The strategy is as follows: put $1 on black. If you win, take your winnings off the table and put a new $1 bet down. If you lose, then put $2 down, if you lose again, double it to $4, if you lose again, double it to $8, and keep doubling down until you win, then take all of your money off the table (your winnings will offest your previous string of losses and leave you with a $1 profit), and start again with a $1 bet. Of course, the problem becomes, what happens when you lose 10 times in a row. Well, I’m glad you asked.
First off, let’s analyze the probability of you losing that many times in a row. There are 38 possibilities in a roulette wheel – numbers 1-36, 0, and 00. So, your chances of not hitting your color are ((38-18)/38, or about 53%. So, you don’t have a great chance of winning if you just play once. But, what are the chances of you losing several times in a row?
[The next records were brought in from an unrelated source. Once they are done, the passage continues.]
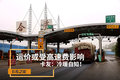 运价或受高速费影响 卡友：冷暖自知！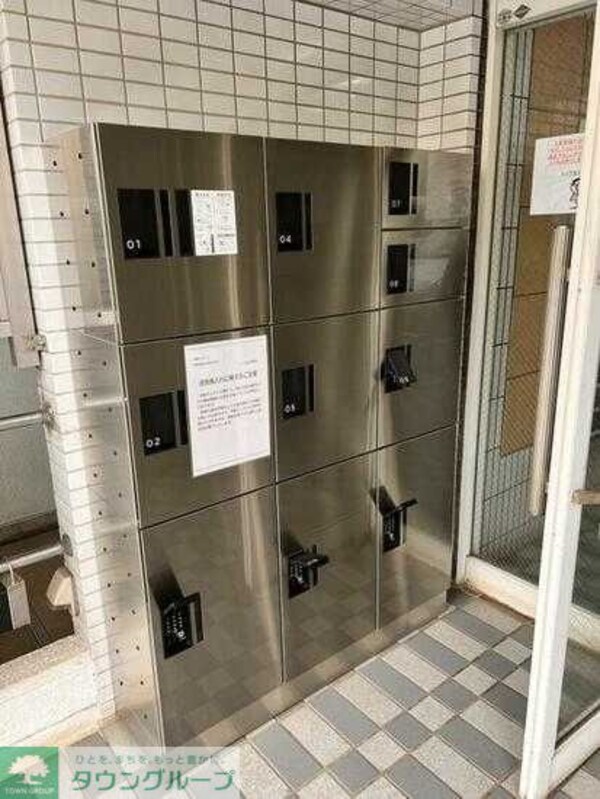 共有部分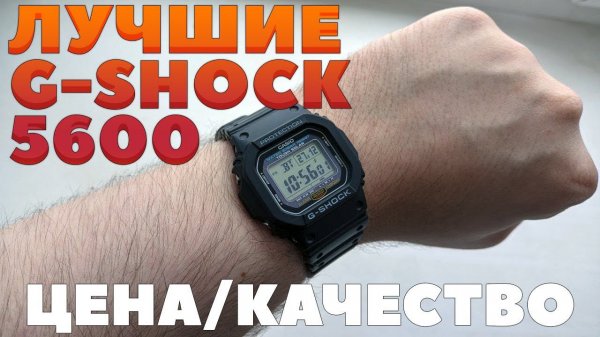ЛУЧШИЕ CASIO G-SHOCK 5600! ЦЕНА/КАЧЕСТВО CASIO G-SHOCK 5600-UE!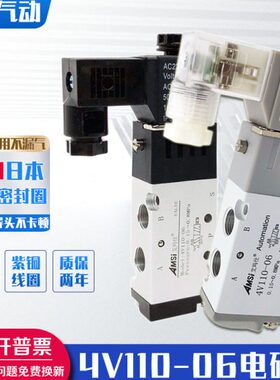 -阀气4气缸阀二0位V220五012V6电磁控制阀24VV11气动电磁阀向换通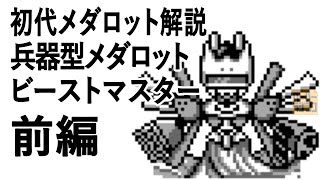 初代メダロット解説 兵器型メダロット ビーストマスター前編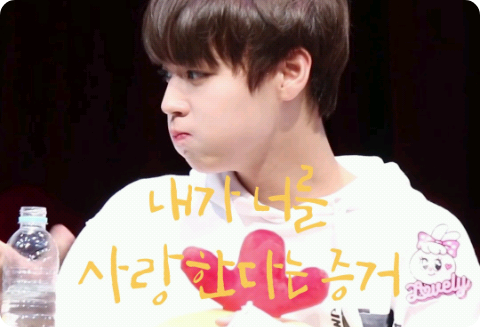 내가 너를 사랑한다는 증거 thumbnail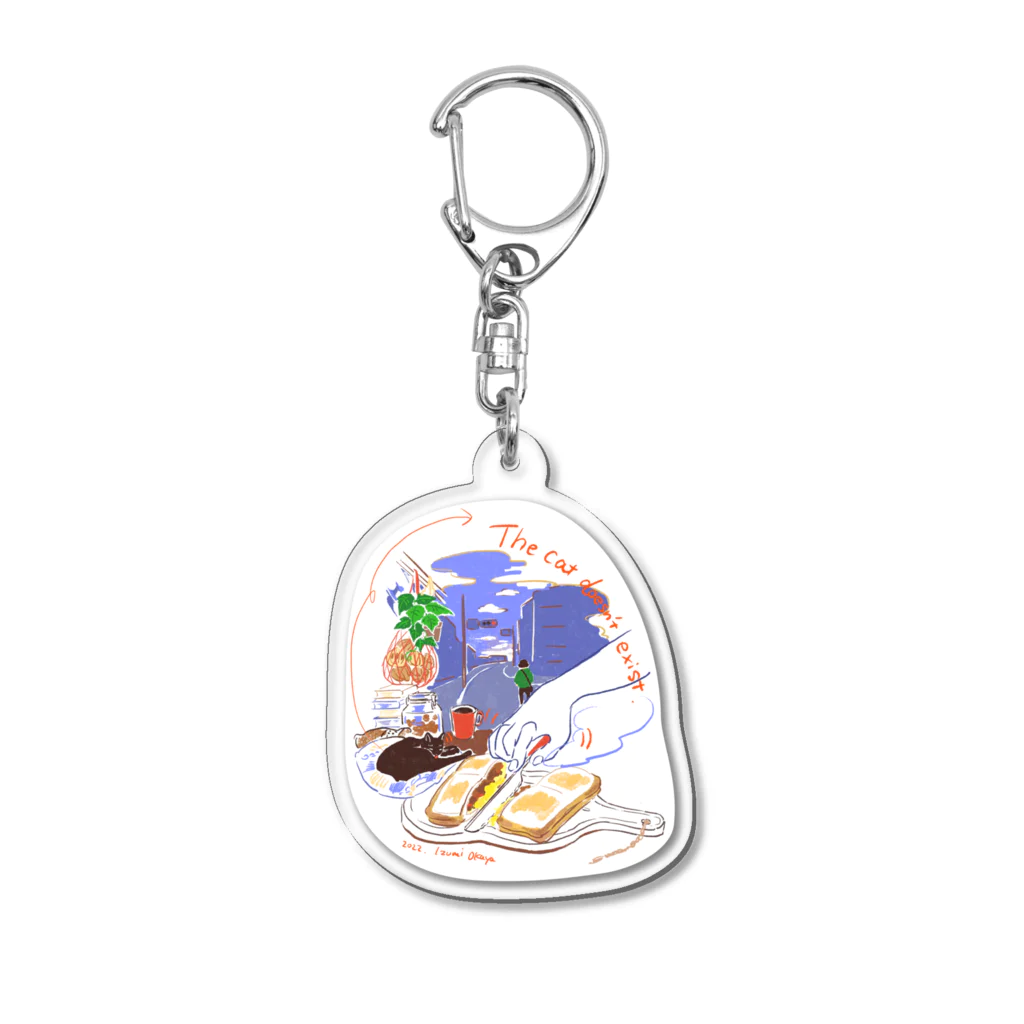 オカヤイヅミのホットサンドと架空の猫_カラー Acrylic Key Chain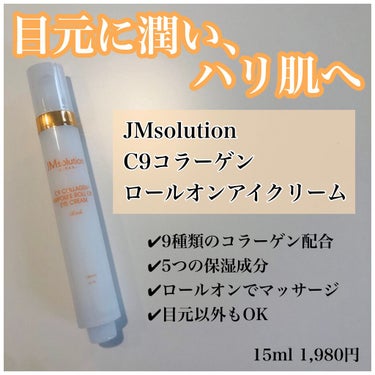 ロールオンアイクリーム/JMsolution JAPAN/アイケア・アイクリームを使ったクチコミ（1枚目）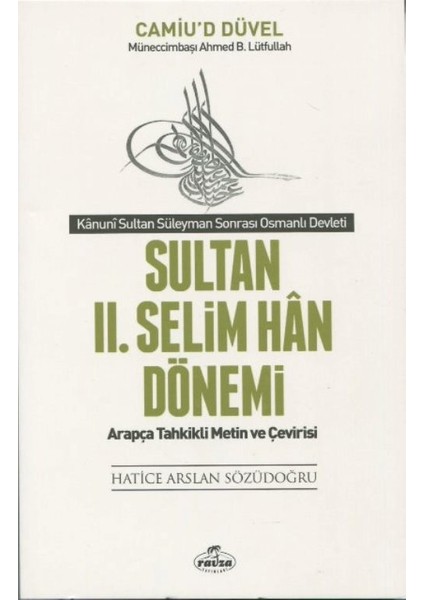 Sultan Iı. Selim Han Dönemi (Arapça Tahkikli Metin Ve Çevirisi) - Hatice Arslan Sözüdoğru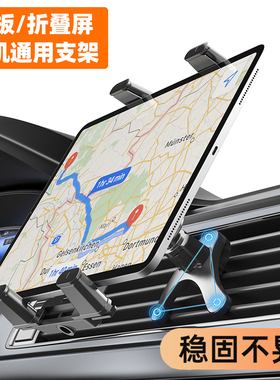 LRBH车载平板电脑支架汽车副驾驶专用前排出风口适用于折叠屏手机iPadfindn2荣耀n3三星fold5华为mateX5x3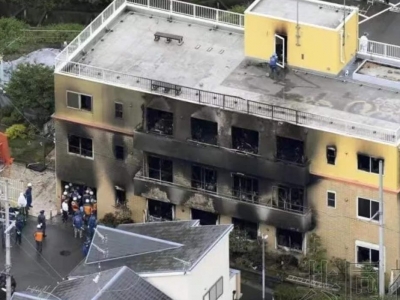京都动画纵火事件已致34死 警方：嫌疑人有精神障碍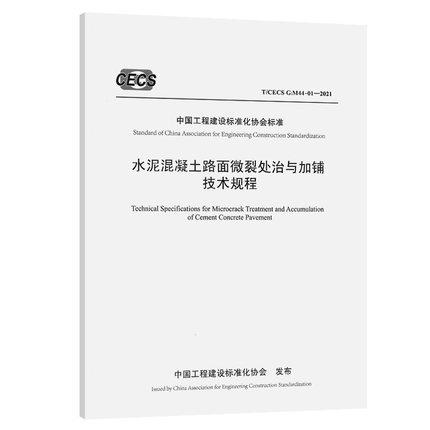 T/CECS G：M44-01&mdash;2021水泥混凝土路面微裂处治与加铺技术规程
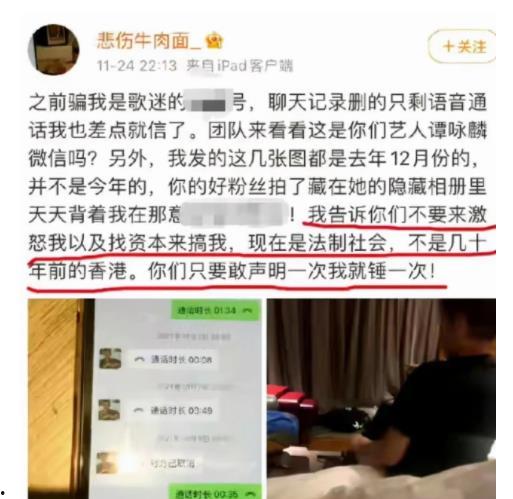 伊宁欠钱爆料事件最新情况,真相大白,各方反应激烈 第2张 伊宁欠钱爆料事件最新情况,真相大白,各方反应激烈 第2张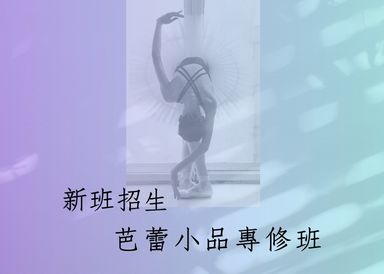 新班開課 : 芭蕾小品專修班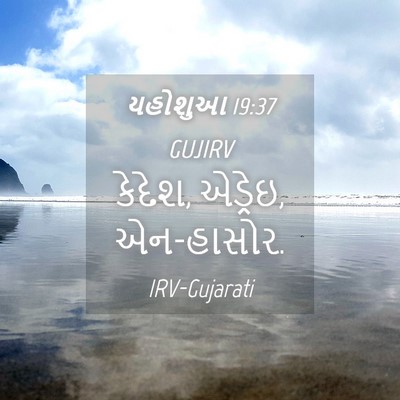 Picture 04 - યહોશુઆ 19:37 GUJIRV - કેદેશ, એડ્રેઇ, - Bible Verse Picture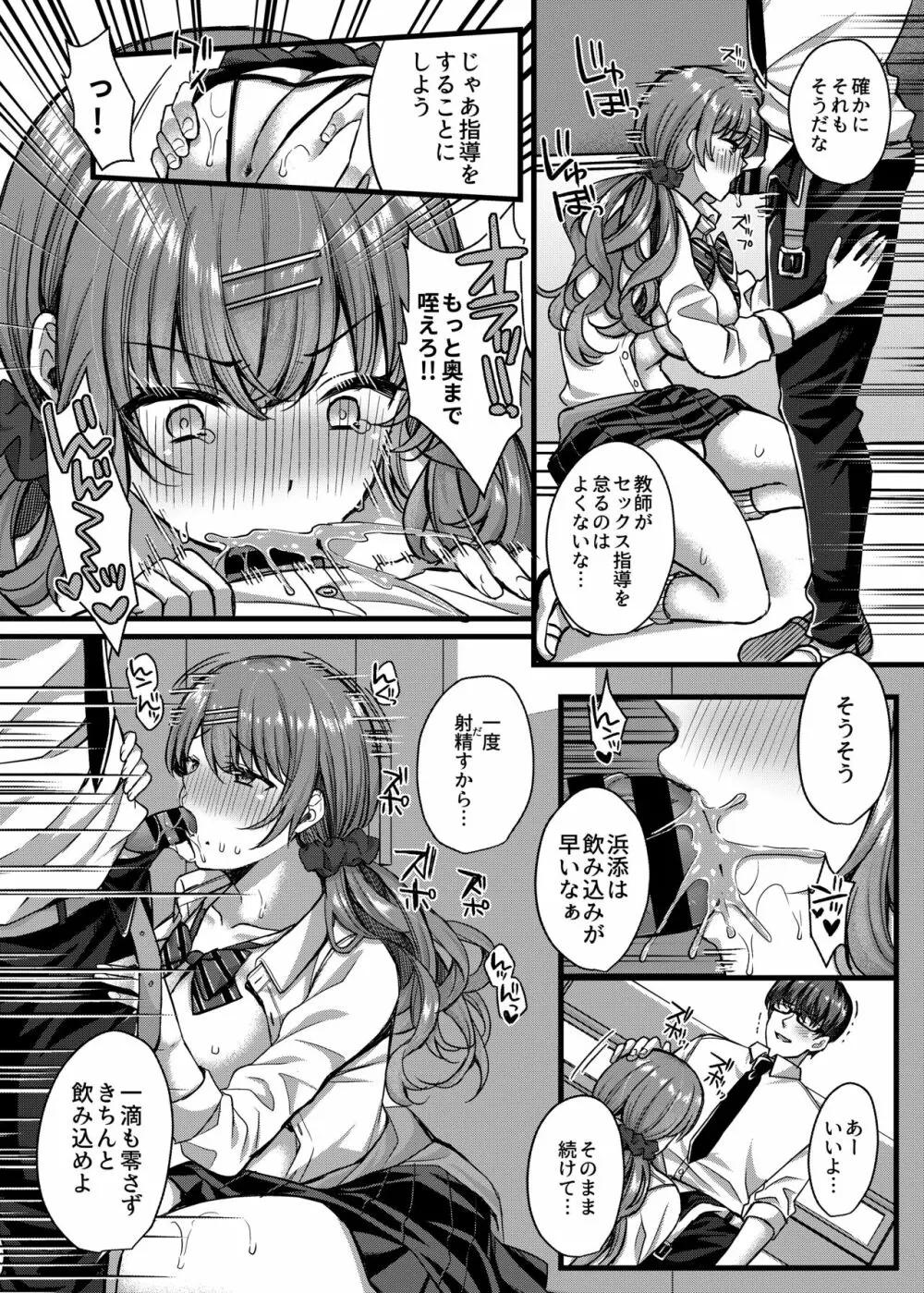 パコパコ催眠JK4～生意気ギャルの放課後性事情～ Page.13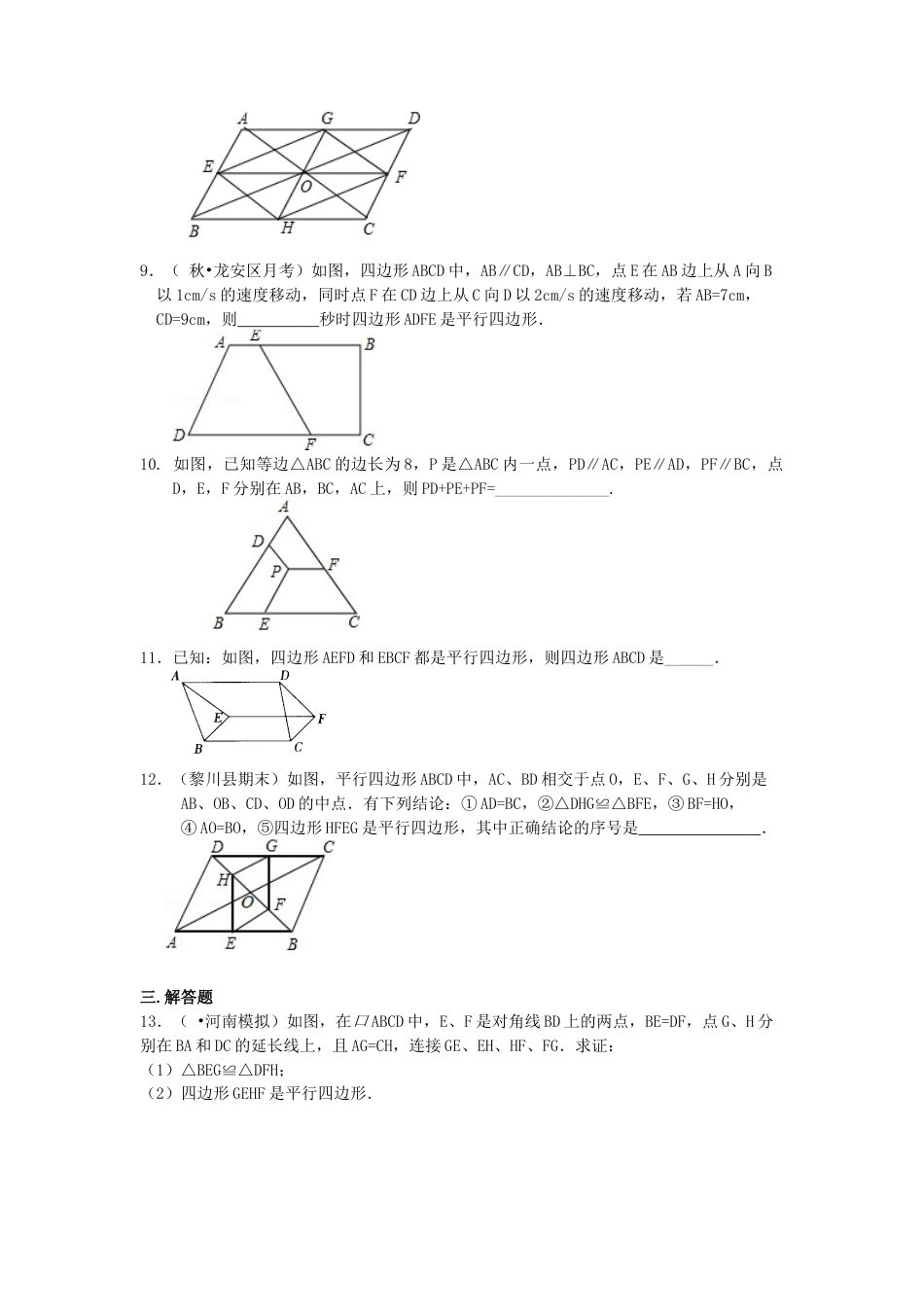 平行四边形的判定定理（基础）巩固练习-初中数学八年级下册（华东师大版）.doc_第2页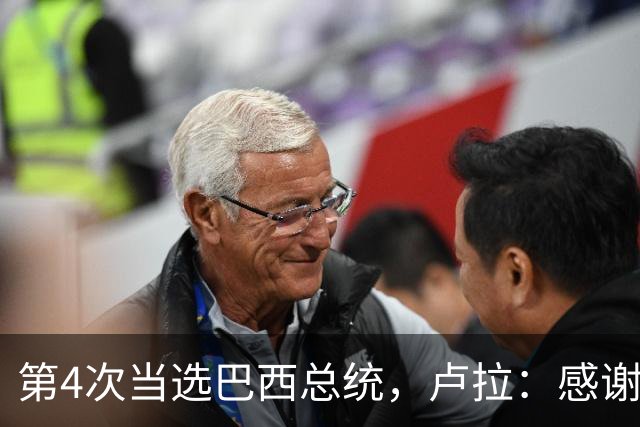第4次当选巴西总统，卢拉：感谢人民支持，巴西“不是任何人的后院”；博索纳罗拒绝承认败选：要求宣布选举无效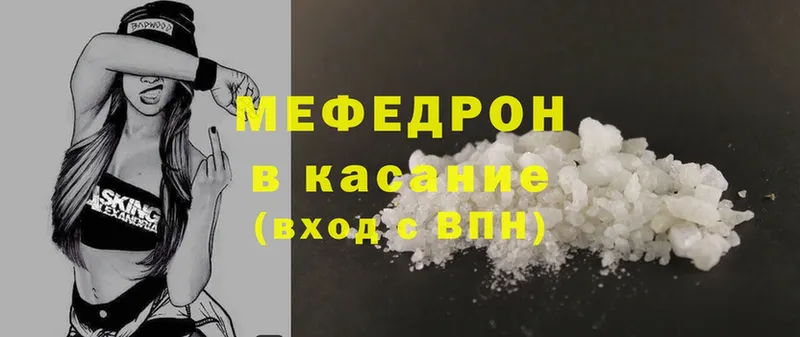 купить наркоту  Бутурлиновка  Мефедрон mephedrone 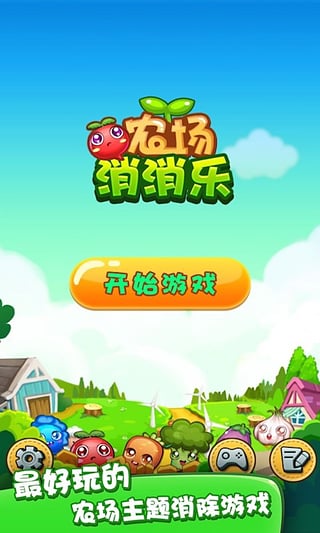 ũ��������3��������v1.0 ��׿��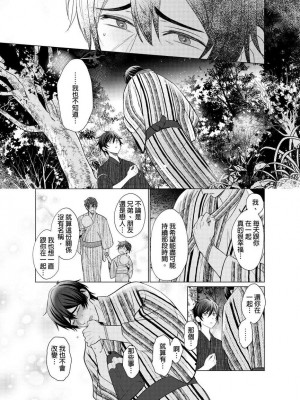 [梶原伊緒] とろけるスカーフェイス [中国翻訳] [DL版] [無修正]_355511_0012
The below table illustrates how low these odds become (‘Necessary Bet’ is the bet needed to recover losses and make $1. The ‘Probability’ is the cumulative probability of losing n many times in a row. See R1:T17 of the first tab of the excel I link to at the bottom of the post for the calculations):
Below is a graph of what your pay offs may look like. Note that you are winning only $1 at a time until you eventually get really unlucky, somewhere around your 13,000th spin in this case, and lose money beyond your bankroll which forces you to quit and walk out of Macau penniless (but hopefully not indebted to some Asian Gangsters). Notice how the blue bar suddenly drops to -$9,000…
This type of payoff structure is analogous to “picking up nickles in front of a steam roller.” If you haven’t already, you should read When Genius Failed, the story of the demise of Long Term Capital Management. LTCM was a hedge fund run by Nobel laureates who made thousands of tiny bets using computer programs in a strategy called statistical arbitrage, among others. The hedge fund blew up as they thought the scenarios that would cause their fund to collapse would only occur once every few centuries (it only took a few years for the fund to meet its very spectacular end in one of the first “too big to fail” situations. Fun fact: all Wall Street banks pitched in to help unwind the fund’s assets, and thus divert a systemic break in the economy, except for Bear Stearns who refused to help…).
Below is a zip file with three Python programs whose outputs are captured in the excel. The programs assume that you start with $100, and can borrow up to $5,000 from your friend (except for the last one that assumes you can borrow $15,000). So, just as LTCM relied on leverage to try to double down on their bets and save their fund, this strategy also relies on loans to stay afloat in bad times when the odds go against you.
The first program is what would happen if you sat down and played until you went bust. I ran this program once, and you make about $6,000 before hitting some bad luck and going bust (this is shown in the line graph above). The second program basically runs the first program 10,000 times in order to get an average payout. However, this one assumes you are only willing to play 100 games in a row as even 100 games would probably take a very long time in reality. The last program is the same as the second, except that the player can lose up to $15,000 before quitting, and, if they have played 100 games and are at a negative value at the 100th game, they will play until they either recoup their losses, or go bust and lose $15,000. This last scenario actually yields a positive expected value of about $4 (see the third table of the excel file I link to at the end of the post. Expected value is what you would expect to win, on average, if you played this strategy many times). Here is the distribution of returns from spending 10,000 nights in the casino with your friend that has $15,000 he can loan you if need be. Pay no attention to the long tails where you lose $8,000 – that’s like a 10 sigma event and would NEVER happen 🙂
Conclusion: is this an effective strategy? Not really. Even if you found a table that let you start with $1 bets, and you had the patience to sit down and do this, and you had the bankroll, it’s just not going to yield all that much cash over time.
Please feel free to look over my code and let me know if you come up with any other conclusions by modifying it! Also – I’m not a programmer – these scripts were very easy to do and took me only a few hours to write all three and conduct all analysis because Python is super easy! If you want to learn more, MIT has FREE courses on Python that you should check out. Enjoy!
To quote a really great “anti-recruiter” LinkedIn profile describing time spent at a large quant hedge fund: “I earn above-market returns 95% of years by collecting theta, selling volatility in the form of financial derivatives, naked short put options, and in summary, collect nickels and dimes in front of steam rollers, hoping the black swans never appear during my lifetime.”